Copy the data exactly; pictures stay out of the copy.

Top of Excerpted data

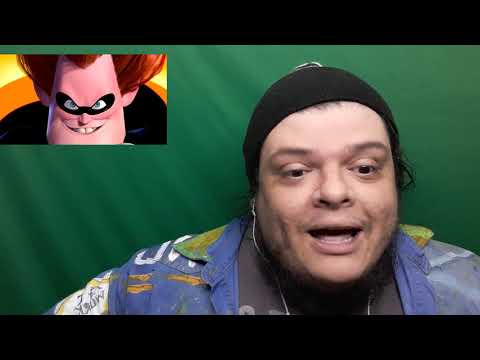 14 PIXAR VOICES IN 1 MINUTE!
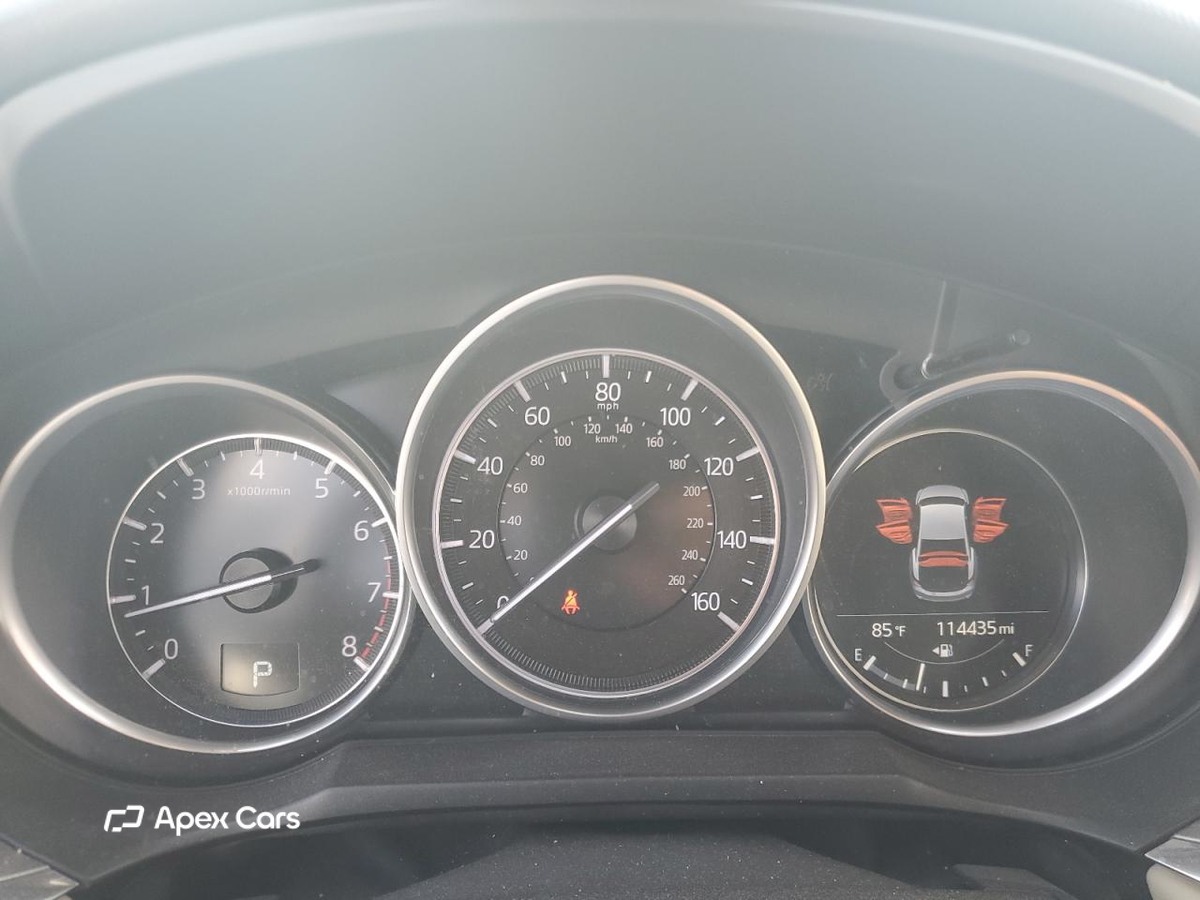 Mazda 6 2018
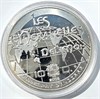 Сувенирная монета - Пирамиды в Мексике 15789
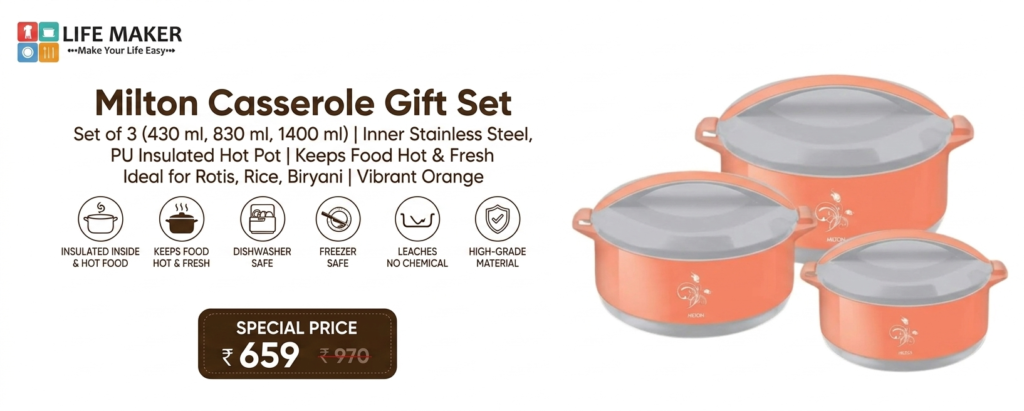 Casserole Set
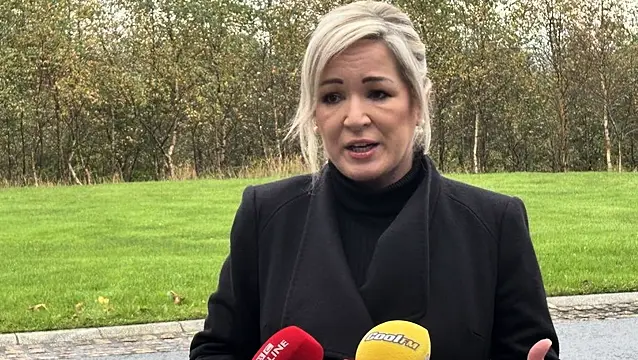 O’neill: Removal Of Ó Donnghaile Picture From Belfast City Hall Is Appropriate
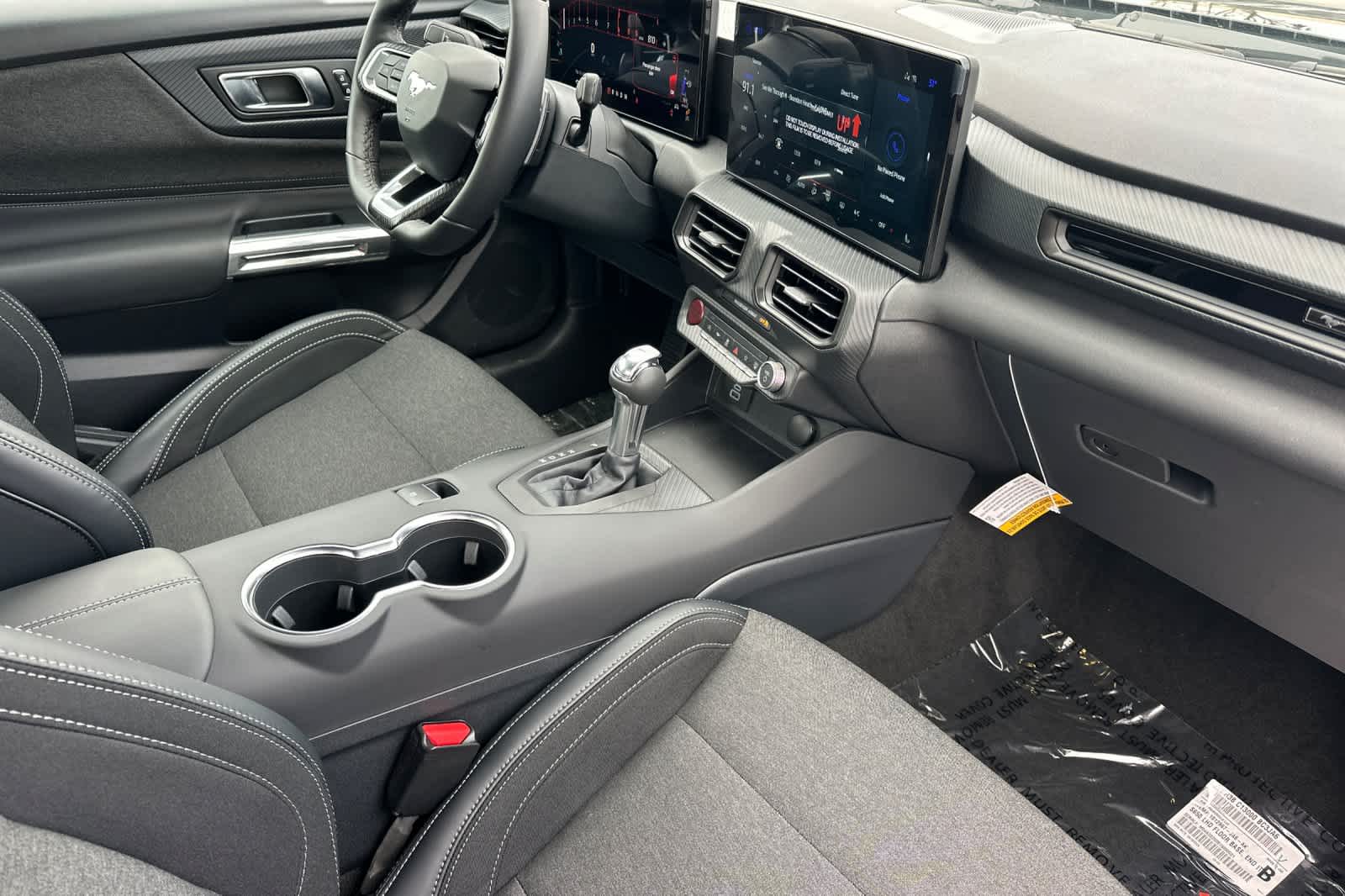 Thumbnail: 2025 Ford Mustang - 16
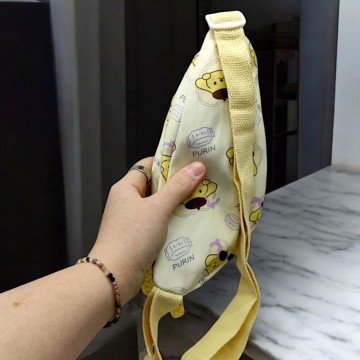 Фото1.Сумочка-бананка аніме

Bottom of Excerpted data

Answer:
 14 PIXAR VOICES IN 1 MINUTE!
 Mazda 6 2018
 Сувенирная монета - Пирамиды в Мексике 15789
 Casserole Set
 O’neill: Removal Of Ó Donnghaile Picture From Belfast City Hall Is Appropriate
 Thumbnail: 2025 Ford Mustang - 16
 Фото1.Сумочка-бананка аніме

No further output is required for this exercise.